Non-degenerate \(\mathcal {E}\)-models were introduced by Klimčík and Ševera in [35,36,37] as \(\sigma \)-models providing a natural setting for describing a non-Abelian generalisation of T-duality, known as Poisson–Lie T-duality. Even though the generic non-degenerate \(\mathcal {E}\)-model is not integrable, it turns out that many interesting examples were found to be integrable [38,39,40,41]. A simple condition was also formulated on the data of the non-degenerate \(\mathcal {E}\)-model which ensures it is integrable [42]. Of course, the data of the integrable non-degenerate \(\mathcal {E}\)-models constructed in [2] all satisfy this condition.

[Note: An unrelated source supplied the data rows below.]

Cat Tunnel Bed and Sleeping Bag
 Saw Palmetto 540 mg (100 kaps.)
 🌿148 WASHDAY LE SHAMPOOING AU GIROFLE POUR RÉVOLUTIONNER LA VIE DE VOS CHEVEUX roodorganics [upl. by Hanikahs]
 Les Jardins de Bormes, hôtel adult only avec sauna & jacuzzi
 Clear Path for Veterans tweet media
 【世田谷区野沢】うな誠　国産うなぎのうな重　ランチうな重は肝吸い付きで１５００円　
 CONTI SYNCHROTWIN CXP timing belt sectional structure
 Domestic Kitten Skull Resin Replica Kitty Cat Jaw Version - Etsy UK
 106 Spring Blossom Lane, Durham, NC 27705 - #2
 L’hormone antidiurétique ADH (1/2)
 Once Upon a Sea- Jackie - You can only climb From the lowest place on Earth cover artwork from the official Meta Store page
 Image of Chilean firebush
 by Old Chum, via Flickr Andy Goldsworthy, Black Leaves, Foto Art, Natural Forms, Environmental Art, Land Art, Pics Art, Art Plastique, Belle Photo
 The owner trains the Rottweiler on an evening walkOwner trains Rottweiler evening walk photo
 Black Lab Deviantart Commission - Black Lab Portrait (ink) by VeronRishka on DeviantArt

A generalisation of non-degenerate \(\mathcal {E}\)-models, known as degenerate \(\mathcal {E}\)-models or dressing cosets, was also introduced by Klimčík and Ševera in [37]. Whereas the non-degenerate \(\mathcal {E}\)-model can be described as a \(\sigma \)-model on a certain quotient space \(K \setminus D\) where K is an maximal isotropic subgroup of a Lie group D, the degenerate \(\mathcal {E}\)-model is a \(\sigma \)-model on a double quotient \(K \setminus D \,/\, F\) where F is another isotropic subgroup of D. It was recently shown in [43] that a certain integrable \(\sigma \)-model that was constructed in [44] provides an example of an integrable degenerate \(\mathcal {E}\)-model. Very recently, conditions on the degenerate \(\mathcal {E}\)-model data ensuring its integrability, in the Hamiltonian sense recalled above, were also given in [45] and a family of new integrable degenerate \(\mathcal {E}\)-models were constructed, including the pseudo-dual chiral model and its multifield generalisations.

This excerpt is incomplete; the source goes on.